I thought if I rested for a few days, if I didn’t acknowledge the discomfort, if I didn’t focus on what I was feeling, it would go away. I ran last Tuesday (2.5 speedy-for-me miles @ 9:48 pace). Wednesday night I woke up to feed Chet at midnight. As I stepped out of bed, the discomfort caught me off guard. It was there when I woke up to start the day. It continued to persist into Thursday. I finally said something to Christian. I texted two close friends about the pain. Outside of those three people, I wanted to pretend like it didn’t hurt. I made plans to run on Saturday. Fortunately I learned a thing or two last year. I let my leg rest instead of running. This is not the type of pain I want to run through. If it is still bothering me at the end of this week, I will call the doctor.

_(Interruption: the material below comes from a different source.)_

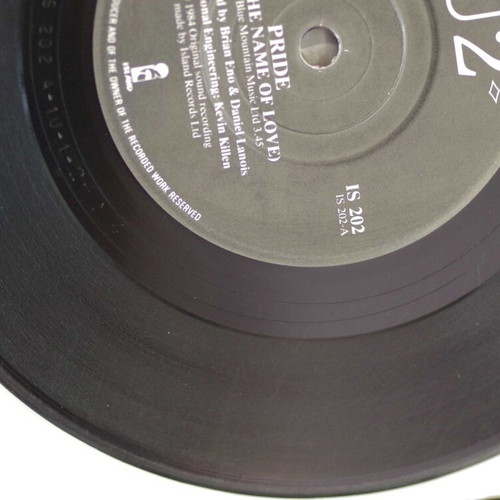 U2 Pride (In The Name Of Love) & Boomerang 7'' vinyl used, rock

While trying to ignore the possibility that my injury could be resurfacing one year later, I’ve been burying a lot of feelings that I need to process. I’ve become stressed about so many possibilities: if it is back after running at most 6 miles since having Chet, what does that mean? Are the rods and screws in my legs finally causing complications? Is it weird that it’s the femur that I didn’t break?
My yoga practice today brought them all to the surface.You can’t hide from yourself or your feelings in yoga. You can’t pretend to be something you’re not. You can’t fake it. When you show up on your mat, it is just you. You owe it to yourself to feel your way through your practice. Today I was met with some unexpected emotions that were begging to be released.
And you know what…I feel a lot better (emotionally at least). It’s not healthy to hold on to all that stress. While I figure out exactly what my body wants right now, I’m going to avoid running and overindulge in yoga.
Fingers crossed for a few days with no pain.